В надлежащее время Советский Союз тоже испытает разочарование от своего сотрудничества с группой неприсоединившихся стран. Ранние этапы проникновения на Ближний Восток приносили Советам одни лишь выгоды. За ничтожную плату со стороны Москвы демократические страны были выставлены Москвой в положение обороняющихся. Их внутриполитические конфликты нарастали, в то время как ширилось советское присутствие в тех районах, которые до этого безоговорочно входили в западную сферу влияния. Однако со временем страстные советские ближневосточные клиенты вовлекали Москву в риски, превосходившие по своим масштабам предполагаемые выгоды для Советов. И как только Советский Союз попытался соотнести риски со своим национальным интересом, это влекло за собой недовольство, если не сказать презрение, со стороны новоявленной клиентуры. Это позволяло западной дипломатии демонстрировать неспособность Советов добиваться выполнения целей своей клиентуры — кульминацией чего стал поворот Садата в сторону от Москвы, начавшийся в 1972 году.

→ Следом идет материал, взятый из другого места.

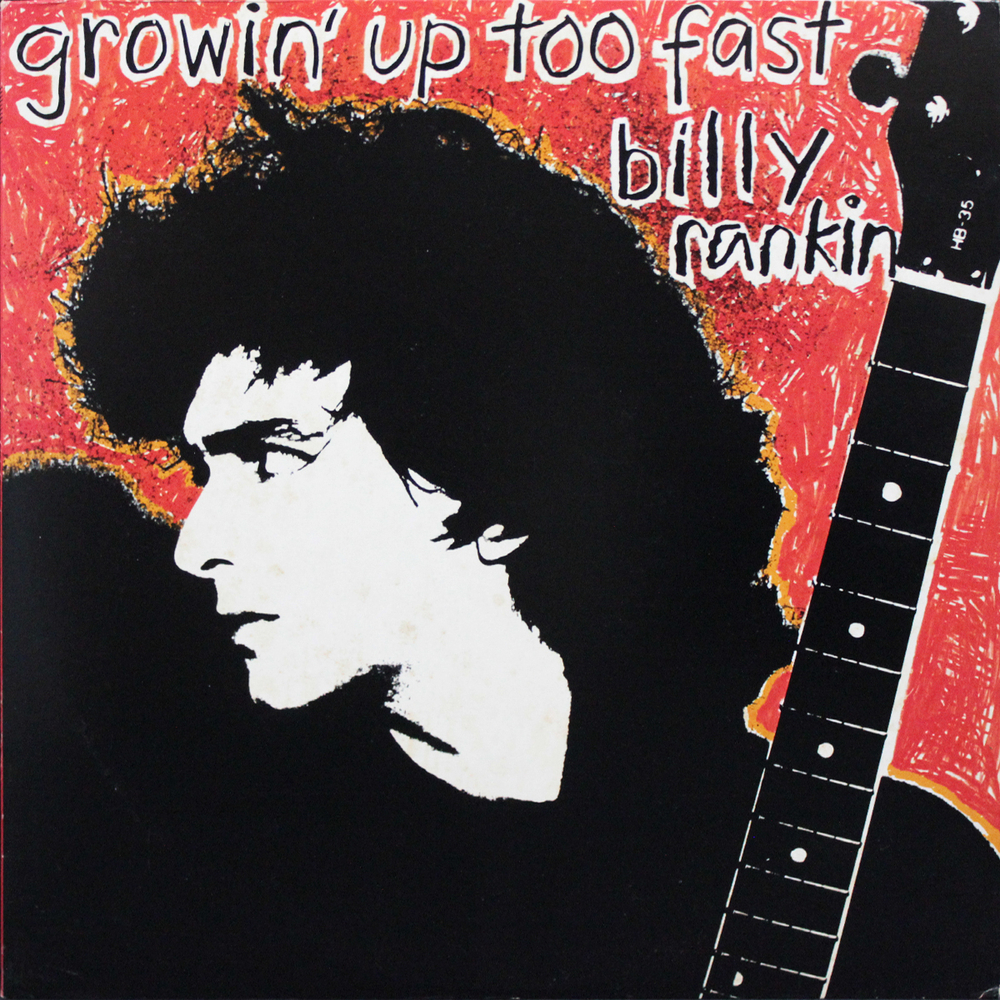 Billy Rankin / Growin' Up Too Fast (LP)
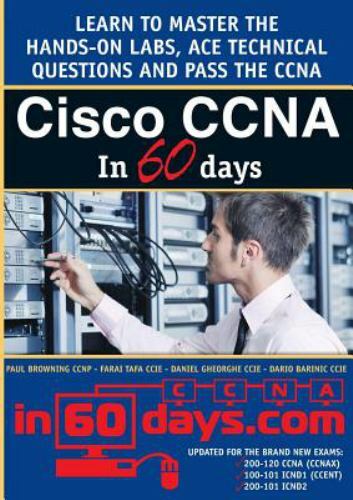 Cisco CCNA in 60 Days – 9780956989291, paperback, Paul W Browning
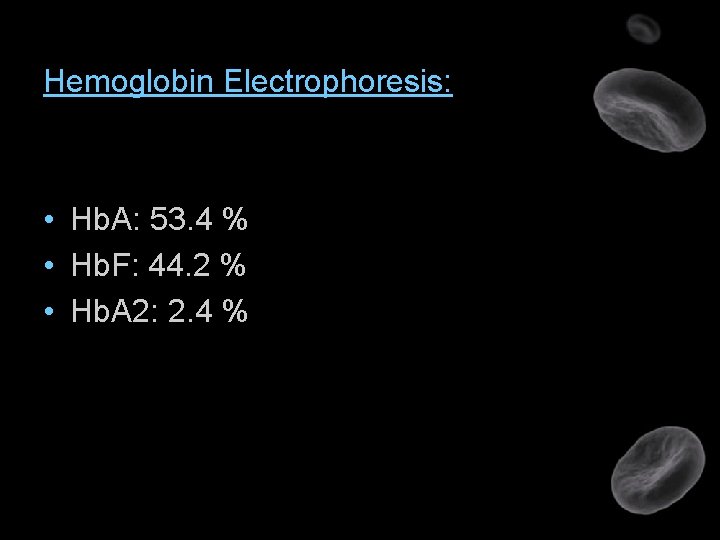 Hemoglobin Electrophoresis: • Hb. A: 53. 4 % • Hb. F: 44. 2 %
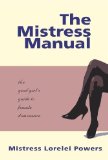 Portada de THE MISTRESS MANUAL: THE GOOD GIRL'S GUIDE TO FEMALE DOMINANCE: A GOOD GIRL'S GUIDE TO FEMALE DOMINANCE (EROTIC) BY LORELEI ( 2001 ) PAPERBACK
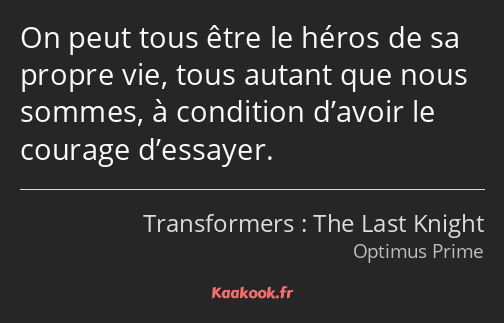 On peut tous être le héros de sa propre vie, tous autant que nous sommes, à condition d’avoir le…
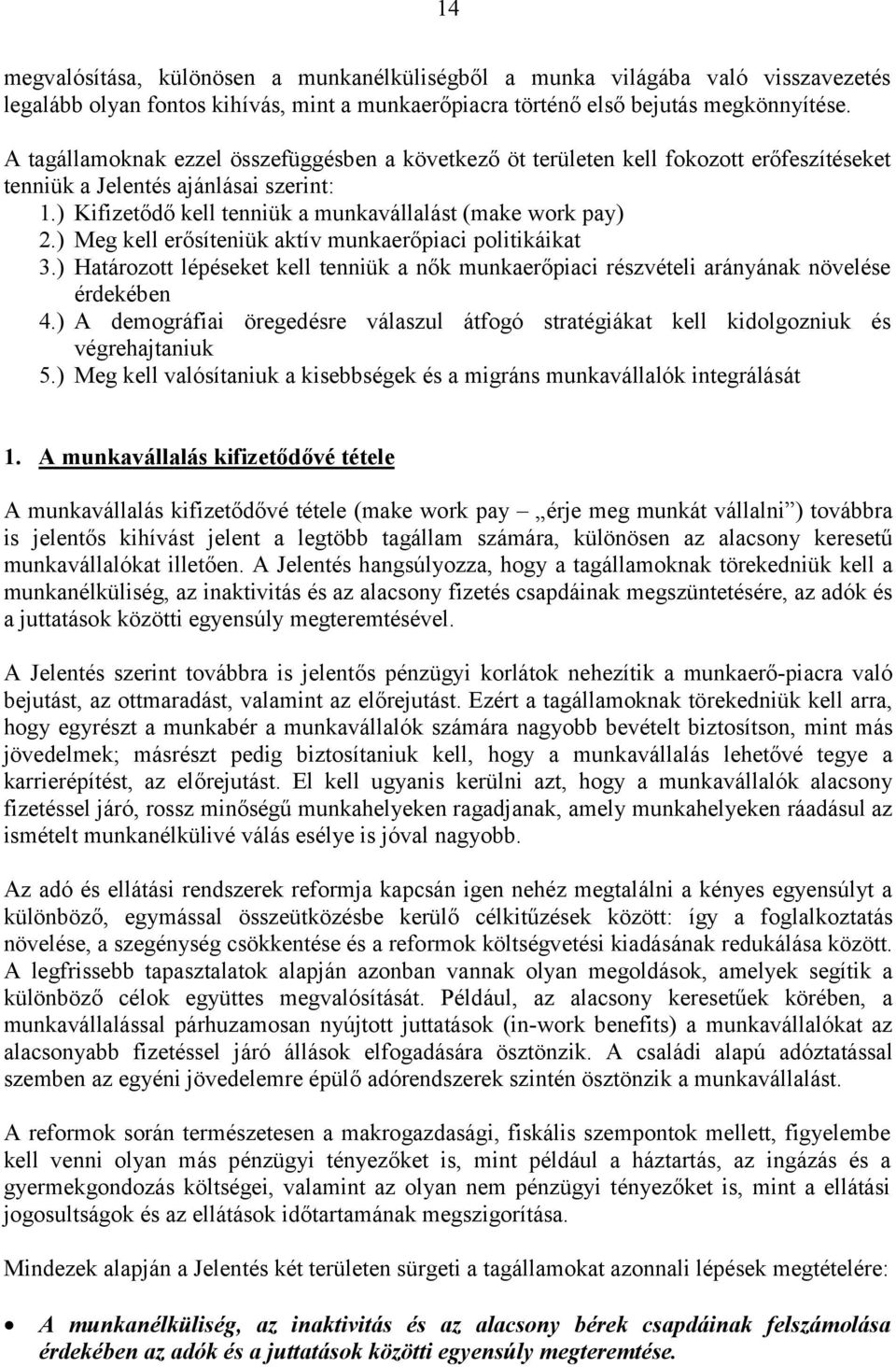 ) Meg kell erősíteniük aktív munkaerőpiaci politikáikat 3.) Határozott lépéseket kell tenniük a nők munkaerőpiaci részvételi arányának növelése érdekében 4.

Великобритания оказалась первой, кому пришлось распрощаться с иллюзиями относительно Ближнего Востока. Ее военная база вдоль Суэцкого канала считалась одним из последних значительных империалистических аванпостов, персонал которой насчитывал порядка 80 тысяч военнослужащих. И тем не менее Великобритания была не в состоянии держать крупные силы в зоне Суэцкого канала в условиях оппозиции со стороны Египта и без американской поддержки. В 1954 году под давлением Соединенных Штатов Великобритания согласилась вывести войска из своей Суэцкой базы в 1956 году.
Американские руководители пытались совместить два несовместимых политических курса: покончить с имперской ролью Великобритании и одновременно использовать остатки былого британского влияния для создания на Ближнем Востоке структуры сдерживания. Администрация Эйзенхауэра разработала концепцию «Северного пояса наций». В его состав входили Турция, Ирак, Сирия и Пакистан, а позднее его участником мог бы стать Иран. Являясь ближневосточной версией НАТО, этот блок имел бы целью сдерживать Советский Союз вдоль его южных границ.